Tools and Textiles - Texts and Contexts
Previous CTR project
The research programme is directed by Marie-Louise Nosch and Eva Andersson Strand.
The geographical and chronological framework for the program is the Central and Eastern Mediterranean in the 3rd and 2nd millennia BC. This was the period when, in some places, textile production rapidly grew from household production to standardised, industrialised, centralised production, on the basis of a division of labour. During this period sheep developed a white coat/wool through selective breeding, which then provided the dynamics for the development of dye industries, colour extraction and the intensive use of colour symbolism in dress. Within the Central and Eastern Mediterranean the development of palace economies, new means of production, inscriptions on production management, tools, glyptic, fresco and relief, and iconography of textiles are visible, and also evidence of production areas are known from excavations.

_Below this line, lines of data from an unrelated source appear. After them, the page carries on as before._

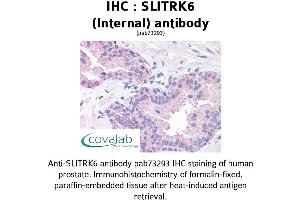 Image no. 2 for anti-SLIT and NTRK-Like Family, Member 6 (SLITRK6) (Internal Region) antibody (ABIN1739441) (SLITRK6 antibody  (Internal Region))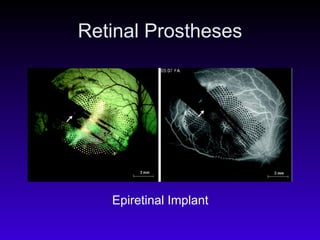 Retinal Prostheses Epiretinal Implant 
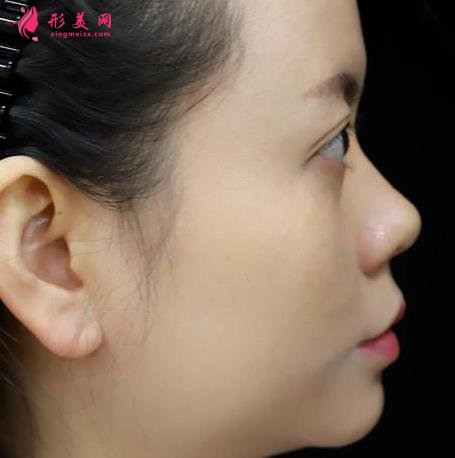 浙医二院整形科做热玛吉怎么样?专家案例、价格表清单一一尽显!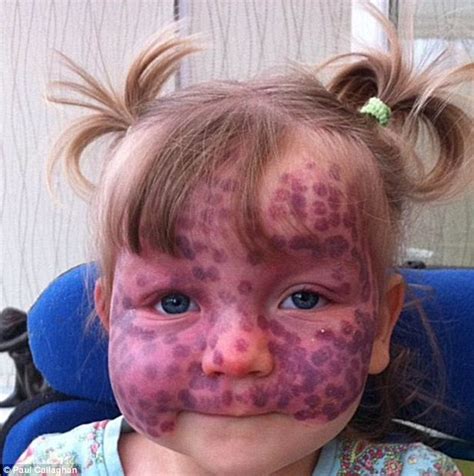 We did not find results for: Six-year-old has rare birth mark which covers her face and ...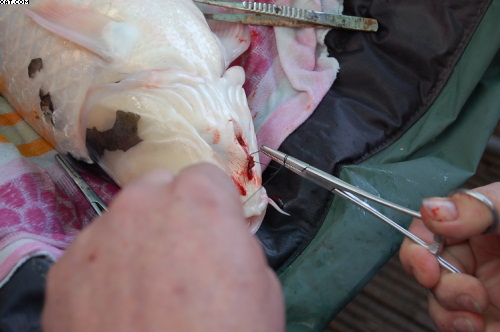 stitching up the incision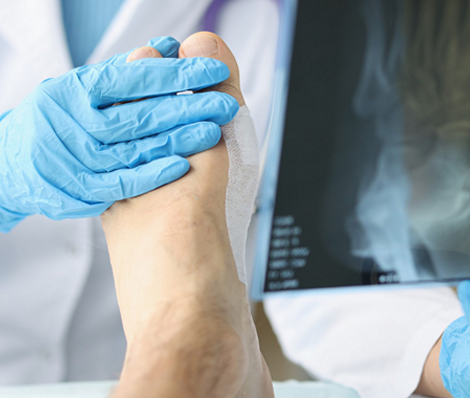 Diabetic Foot Care and Charcot Foot Reconstruction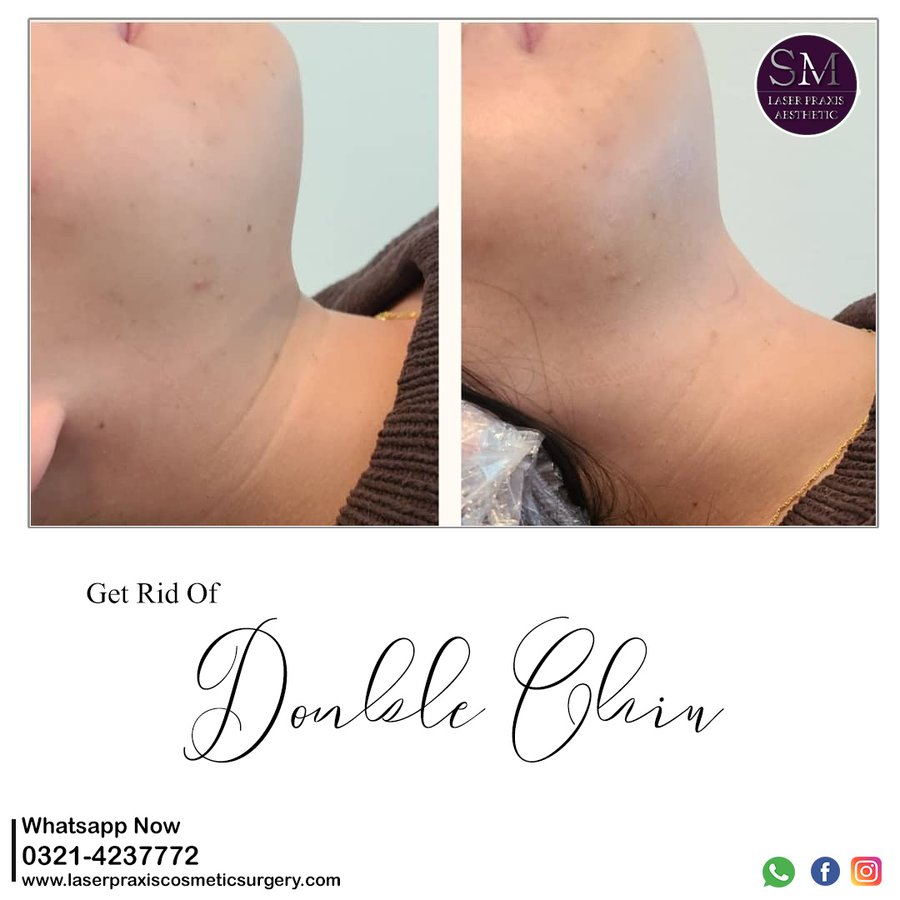 Laser Praxis Cosmetic Surgery & Liposuction Clinic - Laser Praxis Cosmetic Surgery & Liposuction Clinic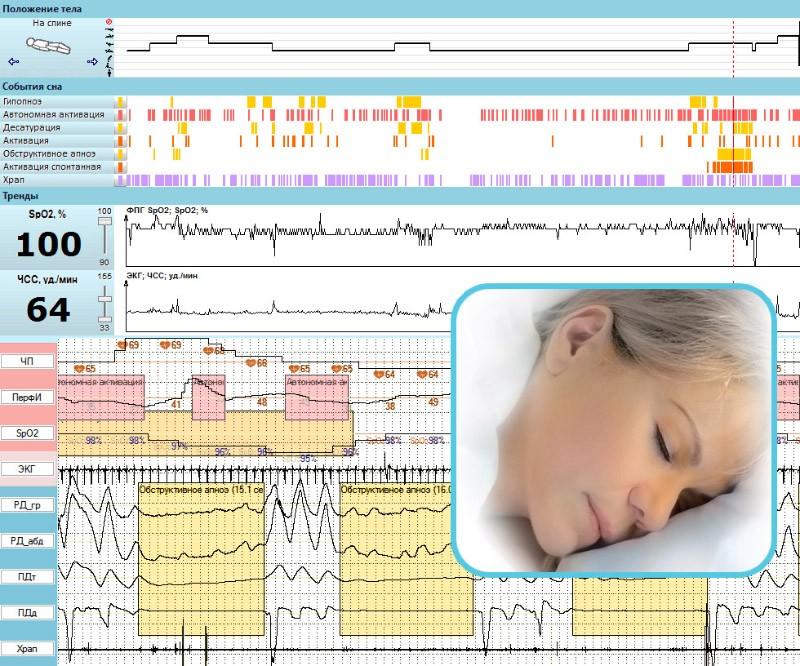 y przeznaczone do diagnostyki różnych rodzajów zaburzeń snu.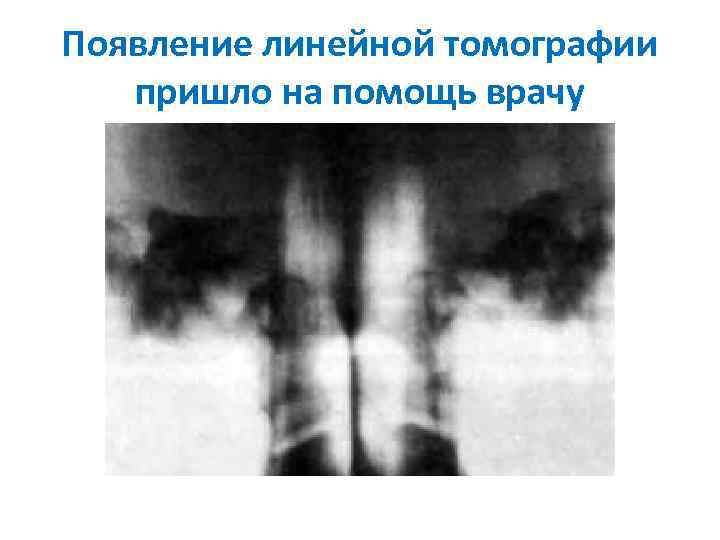 Появление линейной томографии пришло на помощь врачу 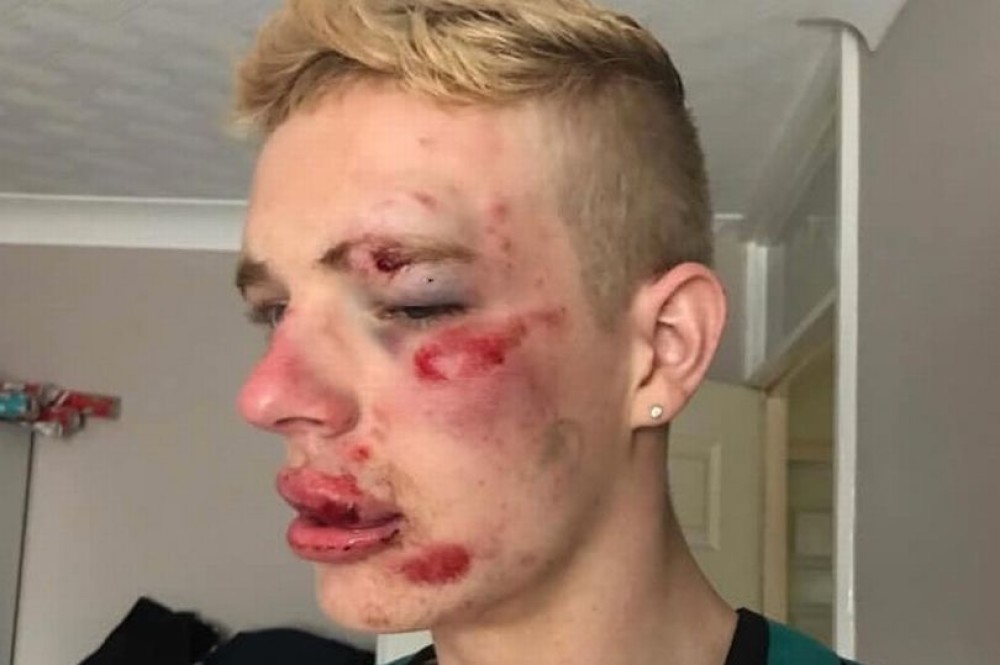 Ryan Williams - Homophobic-attack main.jpg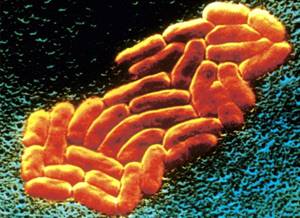 вид под микроскопом на клебсиеллу в кишечнике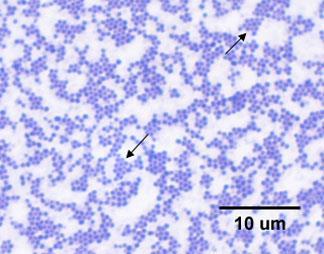 Application of staining to fixed tissue 직접염색 (direct staining) 매염제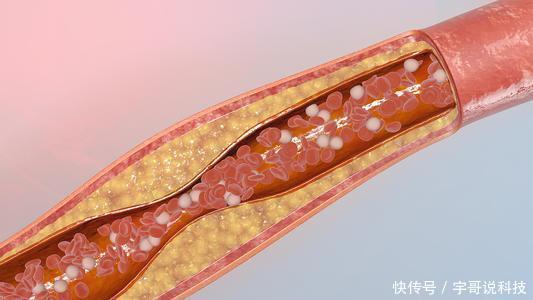  血管疾病|不想老年痴呆症找上你，做好5件事，大脑越来越年轻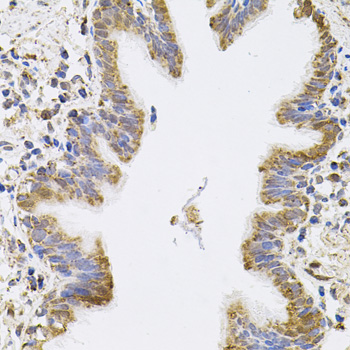 Anti-SPR Antibody (CAB7928)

The Tools and Textiles - Texts and Contexts program analyses and discusses the parameters for and the impact on society of the development of this intensive, industry-like production. We aim to reveal how tools and technology developed to meet the new demands. In many previous studies the approach remains descriptive. In order to grasp the real production processes, in the absence of archaeological textile remains, it is necessary to join forces and combine specialist knowledge, not only from the region itself, but also developed elsewhere, such as in the Scandinavian tradition.